In the Latin tradition, culture is the promotion of an area and its techniques. Agriculture is the promotion of the earth. Architecture is the promotion of living spaces. There is still a culture that can be called « cultivated ». It aims to be refined. It is a result of its own promotion, to stand out from others, the stratum that holds itself as superior within a society. It is found in the « culture » section of magazines discussing technology and science, literature and art: architecture, theatre, cinema, painting, music and dance.

However, all these aspects fall within the province of a single original biological fact. Human beings are relatively set apart from other animals. Birds do not learn how to build their nests, spiders naturally know how to spin a web.

This deficit is an advantage for humans. Without set natural programmes, we must build and rebuild them according to the various experiences encountered. This constant need to adapt is at the root of culture as a fundamental dimension of human development.

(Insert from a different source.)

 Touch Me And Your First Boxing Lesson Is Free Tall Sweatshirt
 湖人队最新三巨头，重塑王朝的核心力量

2/ Culture is much more than elitism, it emerges from all human experiences

We make a serious mistake by setting culture apart from human activities. On the contrary, we produce all forms of culture in all our activities.It then follows that economics is part of culture with research, production and marketing techniques. Politics is also related, in terms of the organisation of societies. Similarly, religion seeks to link mankind over the generations (such as ancestor veneration). It also serves as a link considering the very diversity of mankind. At any given time, culture is what we consider worthy of being selected, preserved, transmitted, to be reused. This is how we have the most precious aids available to us: information, communication and action. Anthropological and societal culture – economics, religion, politics – cultivated culture – techniques, aesthetics, science, justice, etc. -together make up the treasure-chest of human experience.

3/ Why are cultures both different and similar?

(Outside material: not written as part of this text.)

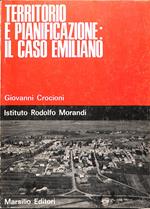 Territorio e pianificazione : il caso emiliano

When we think about cultures, we think about differences. These stand out as key aspects. Differences in clothing and food are therefore very present in our experiences, as is the different related behaviour. Using fingers, chopsticks, spoons, forks, or knives are frequently part of table manners for different people. Cultural differences are often related to geographical areas, their physical and biological differences: landscapes, climates, animals and plants.

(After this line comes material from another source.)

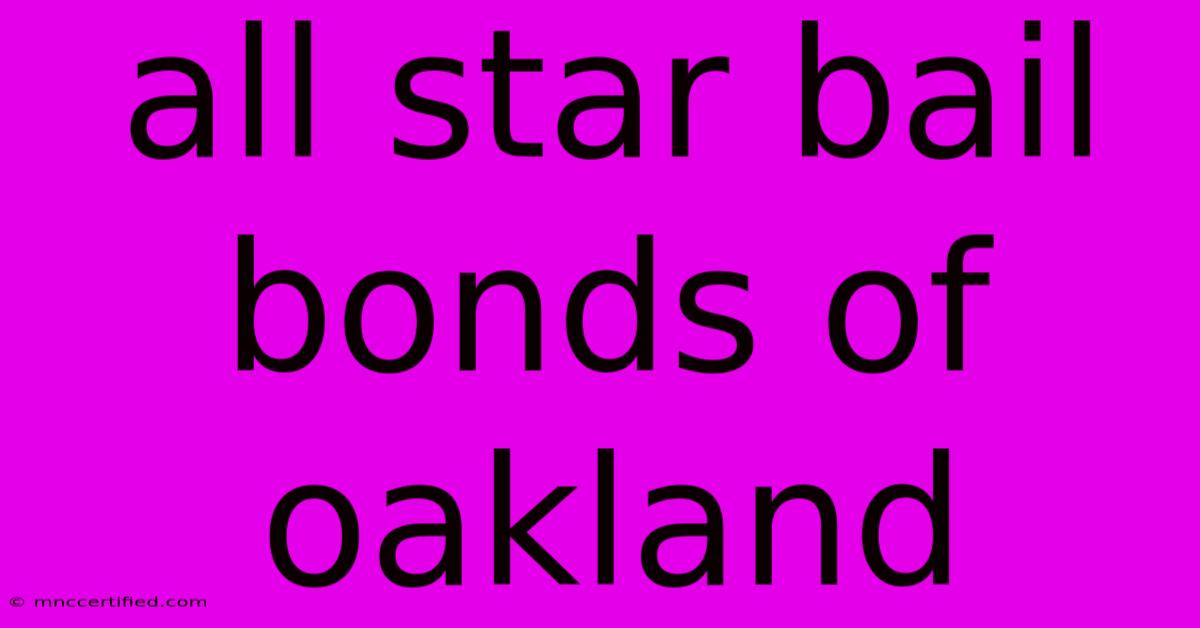 All Star Bail Bonds Of Oakland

Another part of cultural differences stems from the various possibilities of human actions. In parts of Asia, people count in a different way. In the West, we count from our thumb to our little finger: 1, 2, 3, 4, 5 and change hand to continue to ten. In Japan, people count from 1 to 5, starting with the index finger and finishing with the thumb and continue from 6 to 10 in the same way and on the same hand.

Another source is due to the arbitrary nature of languages. This is remarkably true, once again, with numbers. The number 13 has both positive and negative meanings. It is often left out, whether on hotel room numbers or the number of place settings at a table. In Japan, the number 9 is not favoured because its homonym chu means « pain », « suffering », « grief. It is even worse for the number 4, pronounced « chi », meaning death. On this basis, no gifts of four flowers or four cakes are made. Eggs are counted in fives. Generally speaking, the Japanese prefer odd numbers to even numbers, seeing them as more beneficial.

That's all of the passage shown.